The electronic device can be configured to communicate with a cloud computer 810 where the cloud computer processes data received from the network interface 808. Where the cloud computer 810 is utilized to offload the previously described processing requirements of the electronic device to the cloud processor. An example of the electronic device processor offloading to a cloud process, the processor transmits sensor data to the cloud processor, where the cloud processor makes a determination to remove the content of a digital screen as shown on the representation of the live FOV on the digital screen 602 of FIG. 6 of an electronic device as displayed on the digital screen 600 of FIG. 6 and frames the organic beings as shown in FIG. 6 by the framing of Person 1 618, framing of Person 2 619, framing of Person 3 620, and framing of Person 4 621.


Conditional language such as, among others, “can,” “could.” “might.” or “may,” unless specifically stated otherwise, are otherwise understood within the context as used in general to convey that certain examples include, while other examples do not include, certain features, elements, and/or blocks.
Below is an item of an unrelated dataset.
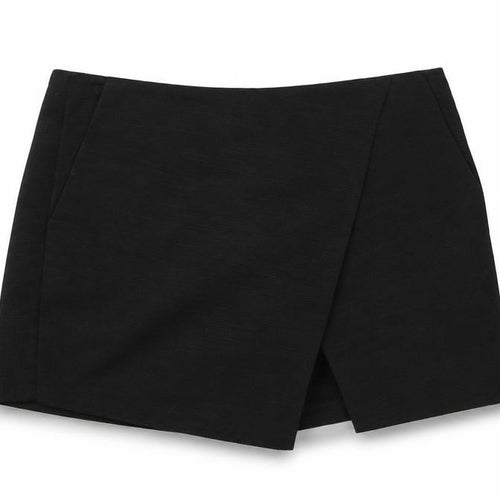Topshop Girls Black   Culotte Shorts Size 8 Years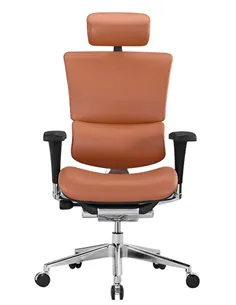 Крісло EXPERT SAIL LEATHER (HSAL01) для керівника, з підтримкою попереку 2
Thus, such conditional language is not generally intended to imply that features, elements, and/or blocks are in any way required for any examples or that any example necessarily includes logic for deciding, with or without user input or prompting, whether these features, elements, and/or blocks are included or are to be performed in any particular example.
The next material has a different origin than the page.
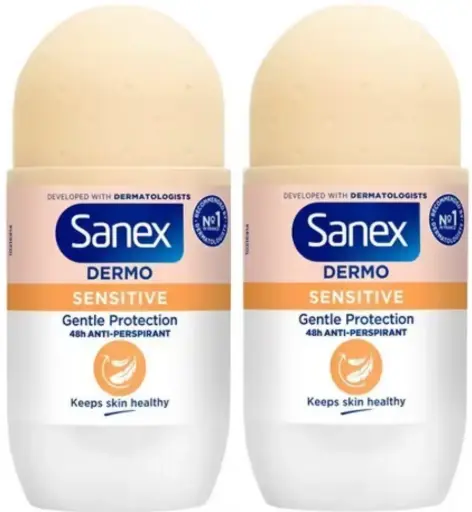 [111371] SANEX DESOD.ROLL-ON 50 DUPLO DERMO SENSITIVE PACK (NUEVO)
Disjunctive languages such as the phrase “at least one of X, Y, or Z.” unless specifically stated otherwise, is otherwise understood with the context as used in general to present that an item, term, etc., may be either X, Y, or Z, or any combination thereof (e.g., X, Y, and/or Z). Thus, such disjunctive language is not generally intended to, and should not, imply that certain examples require at least one of X, at least one of Y, or at least one of Z to each be present.
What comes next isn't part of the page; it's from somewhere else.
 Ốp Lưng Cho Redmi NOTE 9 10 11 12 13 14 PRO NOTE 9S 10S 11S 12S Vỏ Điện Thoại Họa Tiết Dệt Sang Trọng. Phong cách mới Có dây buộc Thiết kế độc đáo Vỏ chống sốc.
Any process descriptions, elements or blocks in the flow diagrams described herein and/or depicted in the attached figures should be understood as potentially representing modules, segments, or portions of code which include computer-executable instructions for implementing specific logical functions or elements in the process. Alternate implementations are included within the scope of the examples described herein in which elements or functions may be deleted, executed out of order from that shown, or discussed, including substantially concurrently or in reverse order, depending on the functionality involved as would be understood by those skilled in the art.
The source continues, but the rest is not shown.